There are a number of icebergs that can easily wreck this recovery. Personal debt in the UK totals £1.4 trillion (The Guardian, 20th Nov. 2013), which in is about equal in size to the national economy. Britain has not recovered from its addiction to debt. This leaves the recovery likely to be derailed by any increase in interest rates. For such a debt addicted nation any increase in interest rates from its current low levels will be disastrous. There will be a crash in consumer spending and the economy will be forced back into recession.

Economists in the City and elsewhere believe an increase in interest rates from their current low levels is inevitable in the near future.

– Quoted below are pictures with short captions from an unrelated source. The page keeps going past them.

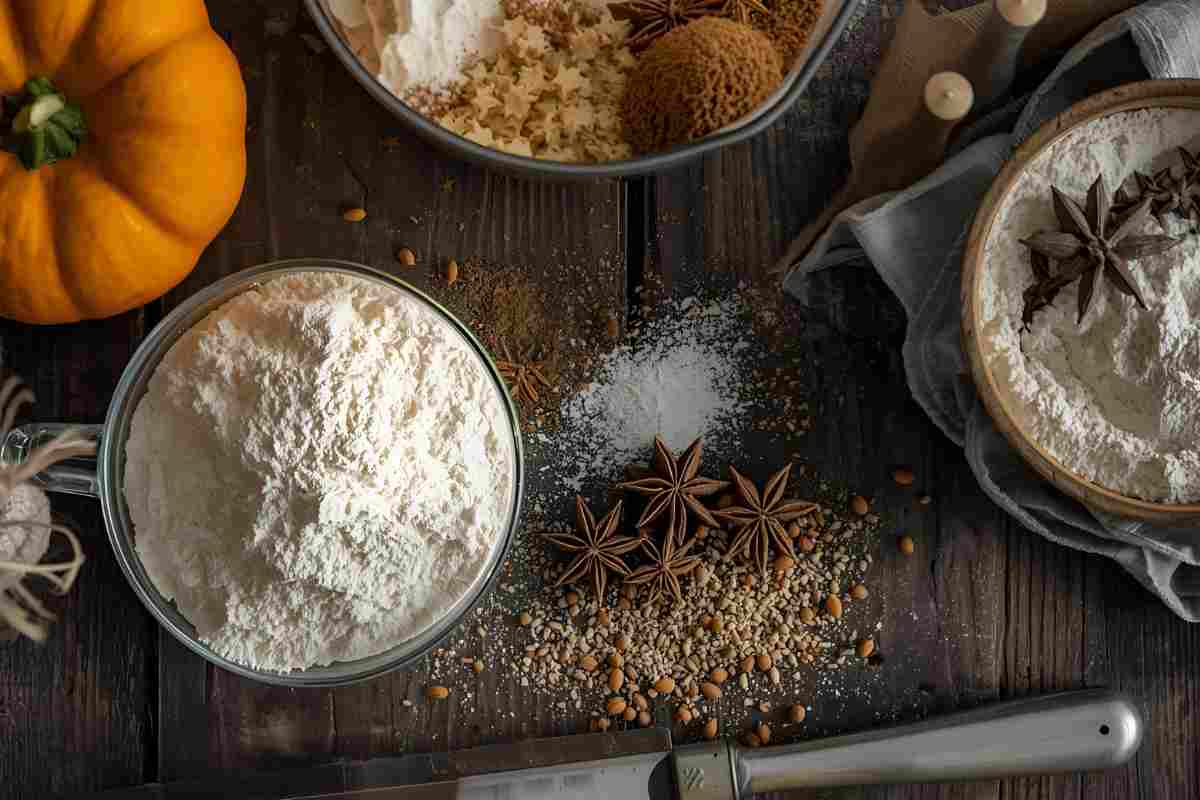 ingredienti per preparare il pane alla zucca
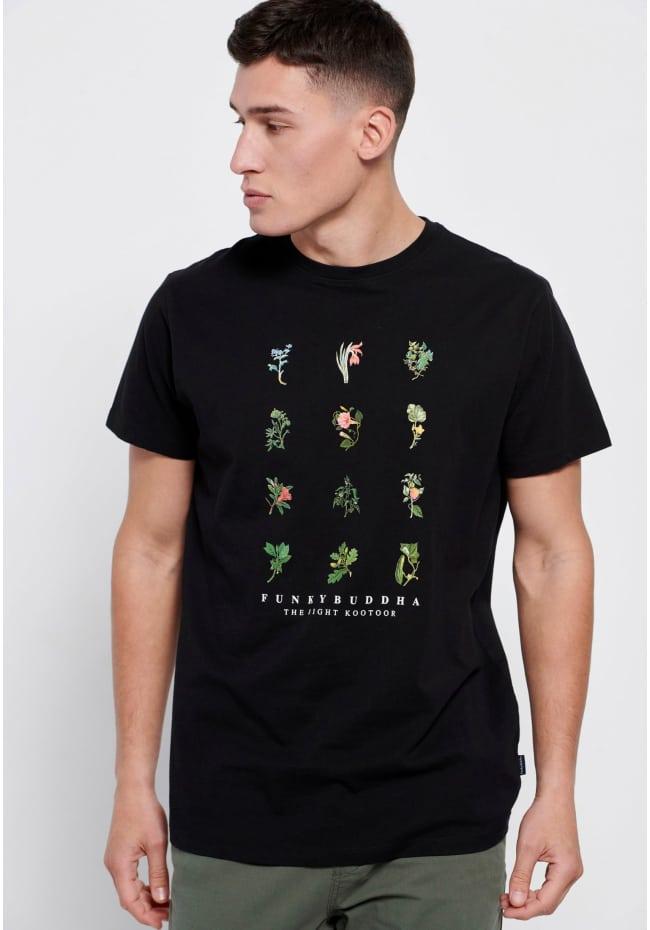 Botanic print t-shirt από οργανικό βαμβάκι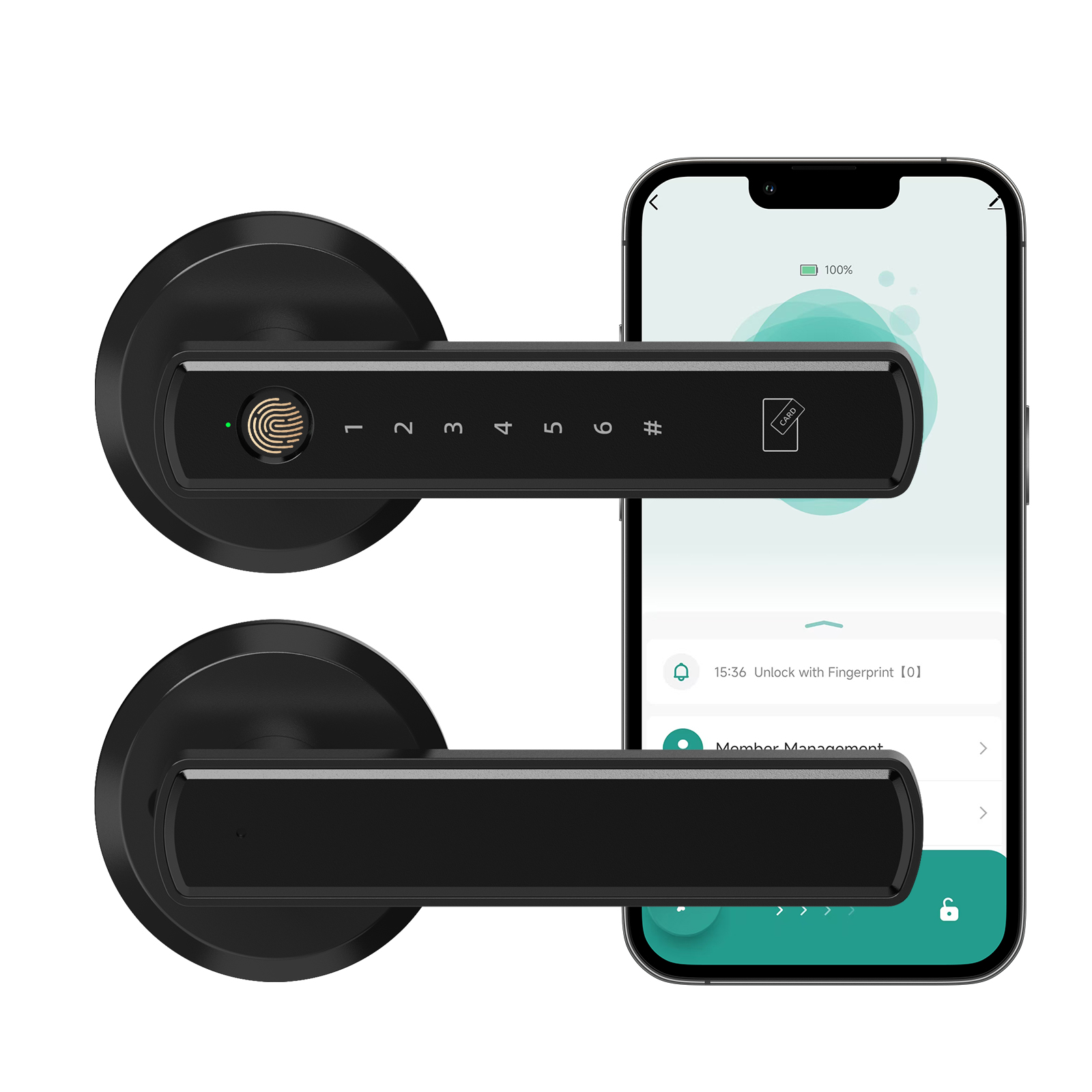 Viladepot Handle Shaped Smart  - Glass Door Hinge บทวิจารณ์และราคา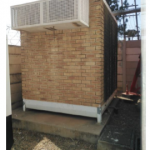 Container installed - before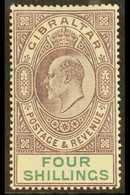 1903 4s Dull Purple & Green, SG 53, Very Fine Mint For More Images, Please Visit Http://www.sandafayre.com/itemdetails.a - Gibraltar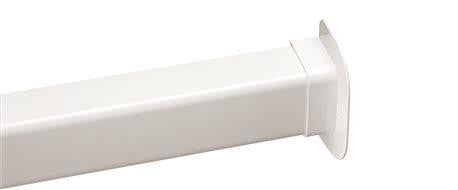 Passage Mur Linéaire Ivoire pour Goulotte Climatisation – 110x75 mm (Lot de 10 pièces)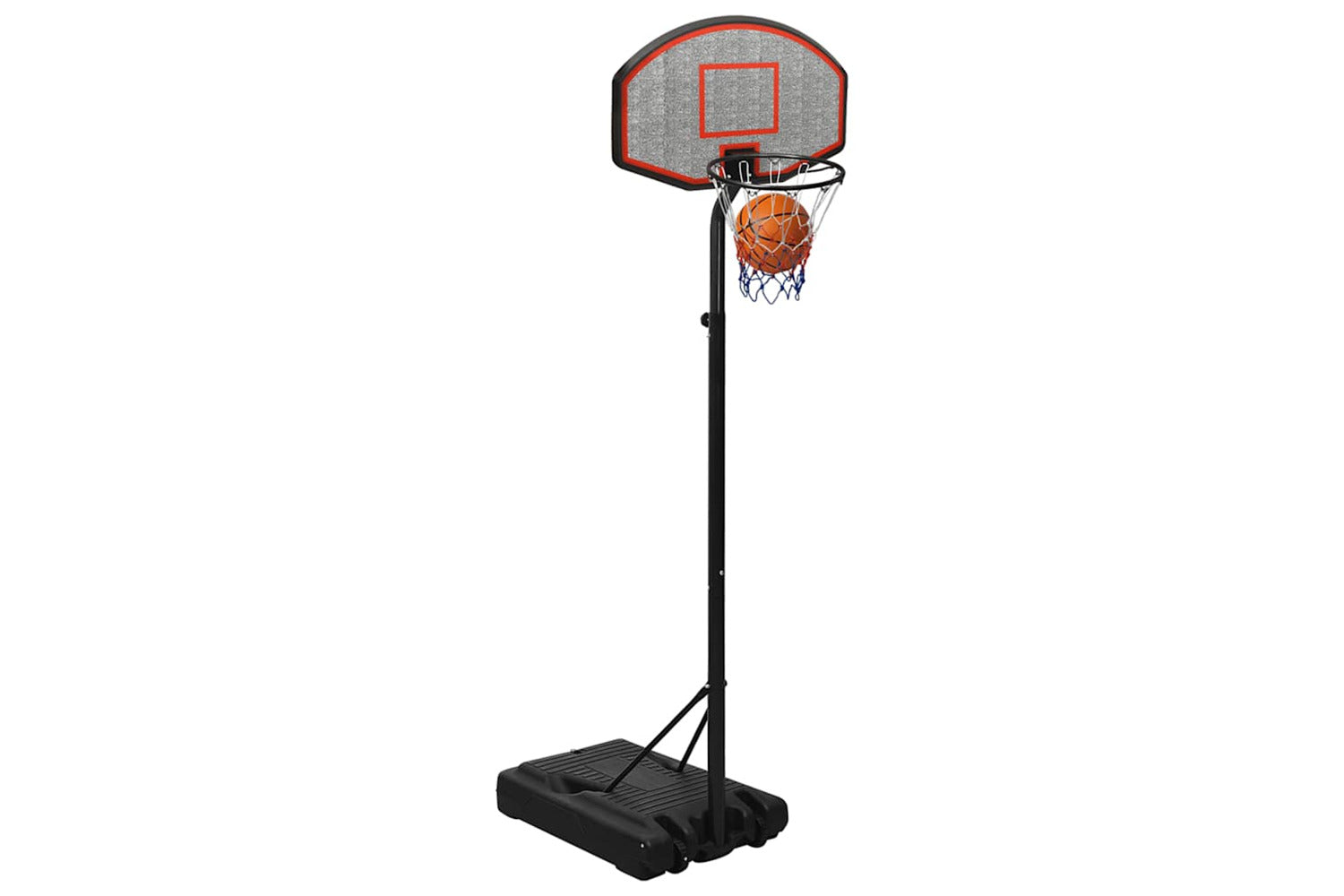 Vidaxl Basketball Stand Black 237-307 Cm Polyethene-9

Britain’s trading account with the rest of the world is dangerously unbalanced. There has been no hoped for boom in the export trade to drive recovery. Instead for a fragile economy such as the UK it is the most dangerous type of recovery, a debt laden consumer boom which will only suck in more imports worsening our balance of trade. In a report made by the European Commission (The Daily Telegraph, 20th November, 2013) the U.K.’s current account deficit will rise to 4.4% by the end of 2014, the highest for any industrialised country. The only weapon in the government’s armoury to reduce the trade deficit, is to cut demand by raising interest rates. Obviously that won’t happen immediately, the Chancellor instead is closing his eyes to the problem and hoping for a miracle, which won’t happen. The only question outstanding is when the rates will rise and that is out of the hands of the Chancellor.

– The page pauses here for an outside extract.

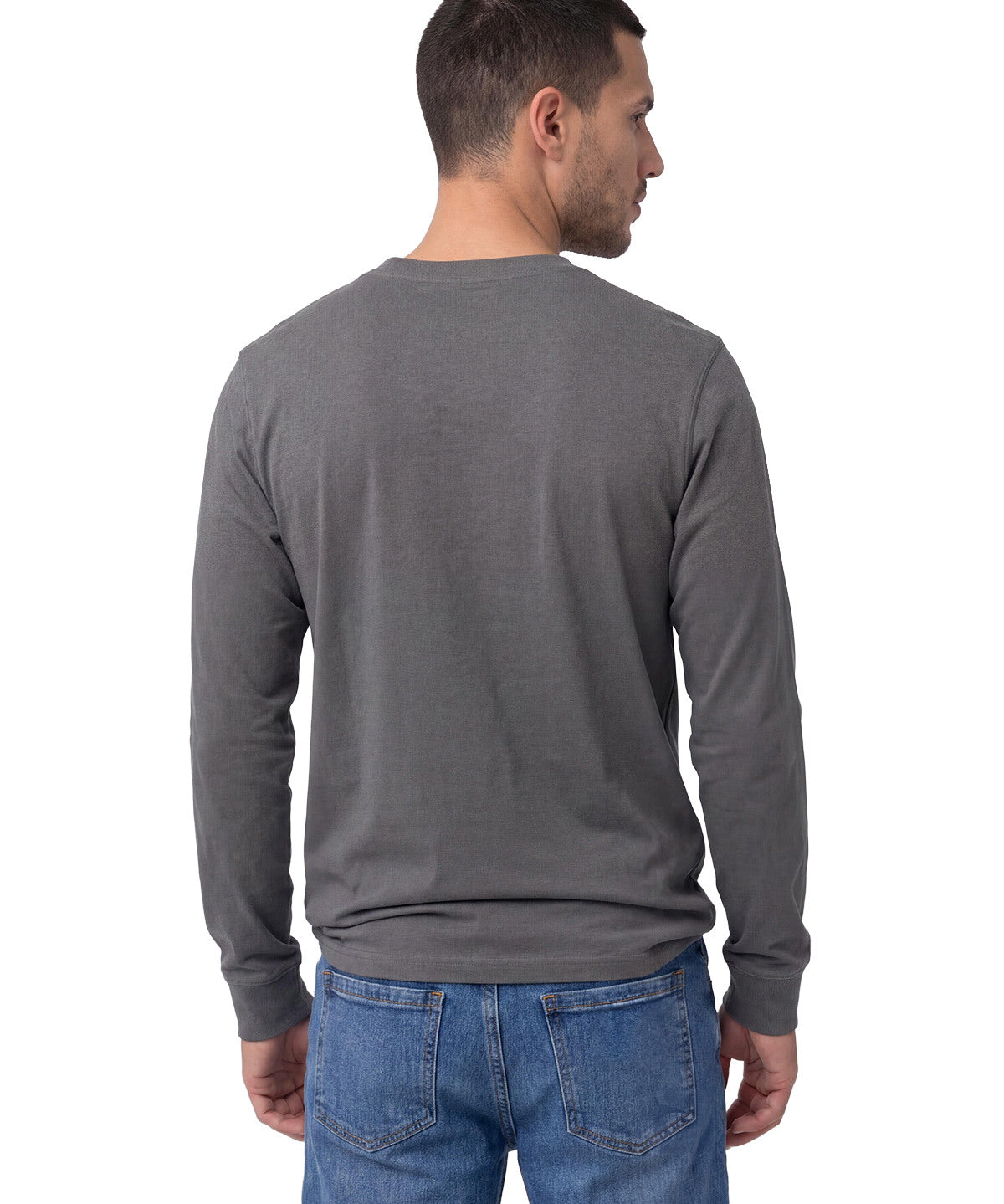 Polera Manga Larga Hombre Cat Patch Gris Cat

The IMF called Britain the world’s largest tax haven. Britain has always been the repository of the world’s hot money, that is footloose money deposited for short periods of time, wherever it can earn the best returns. London is at the centre of a web of tax havens located in former British colonies or dependencies. Part of these vast sums banked in London are recycled to pay our debts. While the world is willing to use London as its banker, the trade deficit is no problem. However it is an extremely unstable situation, as Britain borrows short and lends long, which is very profitable while it lasts, but is liable to upset if the foreign depositors develop doubts about the stability of the British economy. Such doubts might occur if interest rates rise or if Britain continues on its path to exit from the EU. With Britain borrowing short and lending long there will be difficulties in meeting the demands for repayment. Given all the billions that reside in the City of London it will require the biggest ever IMF loan to cover our debts. A loan that will only be given if Britain embarks on a Greek or Irish style austerity programme.

In the Middle Ages there was a popular topic for for painters ‘The Ship of Fools’, this ship was populated by the dignitaries of the time, bishops, popes and crowned heads of state. Today that ship would be populated by economists, treasury officials and government ministers.

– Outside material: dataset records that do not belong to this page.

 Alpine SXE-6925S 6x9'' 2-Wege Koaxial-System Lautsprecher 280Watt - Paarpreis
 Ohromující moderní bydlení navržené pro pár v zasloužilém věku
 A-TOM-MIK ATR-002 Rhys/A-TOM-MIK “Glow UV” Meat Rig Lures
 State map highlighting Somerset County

CAUTION. Whenever an economist makes a prediction about future events , what they are predicting is either a possibility or a probability. I fear my predictions are a probability rather than a possibility. I hope that a fit of caution overtakes the British establishment and that they call a halt to this potentially dangerous property boom. Caution may take the form of George Carney the newly appointed Governor of the Bank of England, who has promised to take action to rein in any property boom. However he will be fighting against the ingrained instincts of the political establishment who prioritise wining an election over any other policy considerations.